A (in)subsistência da presunção de inocência no Tribunal do Júri

Autores

  • Gina Ribeiro Gonçalves Muniz

    é mestre em Ciência Jurídico Criminais pela Universidade de Coimbra e defensora pública do estado de Pernambuco.

  • Denis Sampaio

    é defensor público titular do 2º Tribunal do Júri do Rio de Janeiro doutor em Ciências Jurídico-Criminais pela Faculdade de Lisboa (Portugal) mestre em Ciências Criminais pela Ucam-RJ investigador do Centro de Investigação em Direito Penal e Ciências Criminais da Faculdade de Lisboa membro consultor da Comissão de Investigação Defensiva da OAB-RJ membro honorário do Instituto dos Advogados Brasileiros professor de Processo Penal e autor de livros e artigos.

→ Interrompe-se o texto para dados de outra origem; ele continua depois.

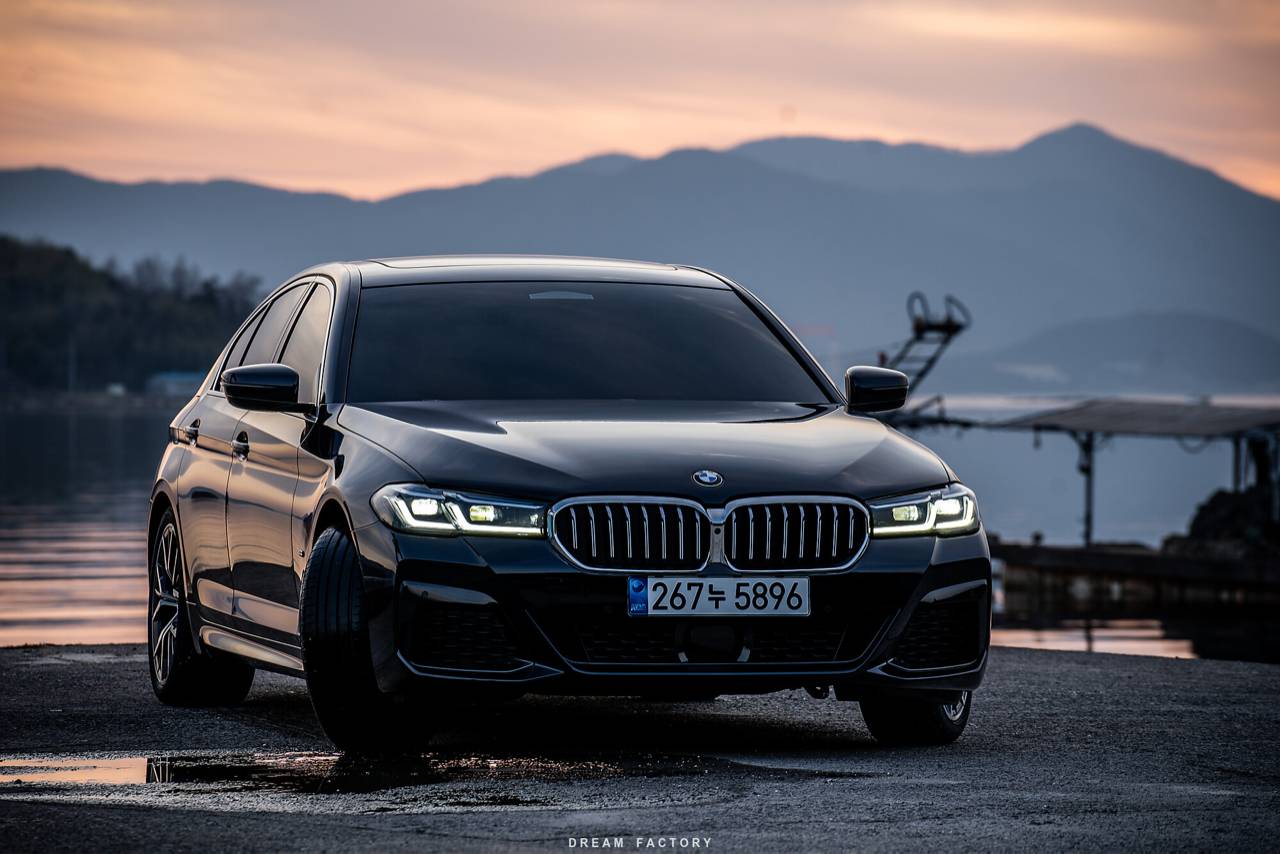 BMW 5시리즈 530e M 스포츠 패키지 OC 게시글 썸네일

  • Rodrigo Faucz Pereira e Silva

    é advogado criminalista habilitado no Tribunal Penal Internacional (em Haia) pós-doutor em Direito (UFPR) doutor pelo Programa Interdisciplinar em Neurociências (UFMG) mestre em Direito (UniBrasil) e coordenador da pós-graduação em Tribunal do Júri do Curso CEI.

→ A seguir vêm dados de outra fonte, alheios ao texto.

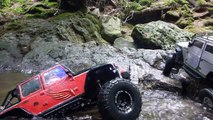 Axial SCX10's and Vaterra Ascender: Mountainriver rock crawling! 2/2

17 de dezembro de 2022, 8h00

O princípio da presunção de inocência encontra assento no artigo 5º, inciso LVII da CF, com a seguinte redação: "ninguém será considerado culpado até o trânsito em julgado da sentença penal condenatória". O Brasil é ainda signatário da Convenção Americana sobre Direitos Humanos (CADH), também conhecida como Pacto de San José da Costa Rica, e o Pacto Internacional sobre Direitos Civis e Políticos (PIDP), que consagram, outrossim, a presunção de inocência como um elemento basilar do sistema processual penal.

Spacca
O Supremo Tribunal Federal, no dia 7/11/2019, por ocasião do julgamento das ADCs 43, 44 e 54 (relator ministro Marco Aurélio), ratificou a vigência do princípio da presunção de inocência durante toda a persecução penal, e proibiu a execução provisória da pena. Nesta toada, desde já, salienta-se que as decisões proferidas pelo tribunal do júri são de primeira instância e, sendo assim, sequer poderia entrar na supracitada discussão sobre se a execução se dá após o trânsito em julgado ou da decisão colegiada pelos tribunais em segunda instância.

Posteriormente, o Pacote Anticrime (Lei 13.964/19) vedou expressamente a decretação da prisão preventiva com cariz de pena antecipada (CPP, artigo 313, §2º).

Todavia, e nesse ponto em dissonância com a diretriz constitucional, o mesmo Pacote Anticrime determinou a prisão automática do réu condenado pelo Tribunal do Júri a uma pena igual ou superior a 15 anos de reclusão (CPP, artigo 492, inc. I, "e"). Eis o cerne da problemática apresentada no presente artigo: a presunção de inocência, com relação ao Tribunal do Júri, não possui efeito normativo até o trânsito em julgado da decisão condenatória? A questão é alvo do Tema 1.068 (STF, RE 1.235.340, relator: ministro Roberto Barroso), cujo julgamento encontra-se suspenso em razão do pedido de vista do ministro André Mendonça.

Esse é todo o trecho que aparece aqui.